The salamander is in the subgenus Eladinea and part of the Bolitoglossa adspersa species group. Some authorities have suggested that it may be the same species as B. biseriata.

==Description==
A medium-sized species for its genus, female Bolitoglossa cuna reach a snout–vent length of 46.6–55.7 mm. They have rather long tails and wholly webbed feet. The back is light golden-tan while the underside is lighter in color.

==Distribution and habitat==
Bolitoglossa cuna is endemic to Panama. It inhabits the moist lowland tropical rainforests of eastern Guna Yala province. It is found at elevations of 10–718 m.

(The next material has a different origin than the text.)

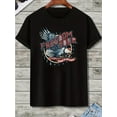 thumbnail image 2 of Camiseta patriótica "Viaje a la Libertad 1776" para hombre: gráfico de bandera vintage con diseño "Tierra de la Libertad", cuello redondo clásico, ropa informal, ropa festiva, 2 of 6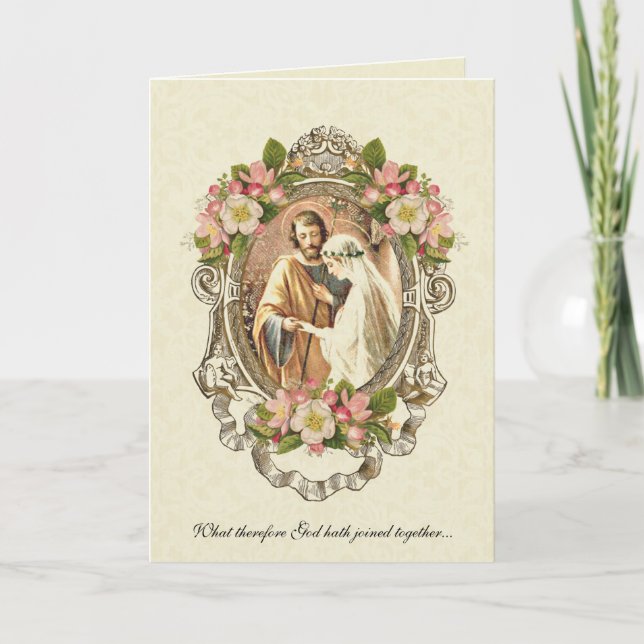 Invitation Mariage traditionnel catholique élégant (Devant)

It has been observed on low vegetation in forests with substantial leaf litter.

==Conservation==
Bolitoglossa cuna is classified as being endangered by the IUCN due its limited range and ongoing habitat degradation. It was first collected in the 1960s and then only recorded in 2012. The species' range is threatened by logging and development. It does not seem to adjust well to changes in its habitat. Salamander chytrid fungus, a pathogen that has devastated European salamander populations post its 2010 introduction to that continent, has not yet spread to the Americas, but still presents a future threat to the species if it ever spreads to Panama.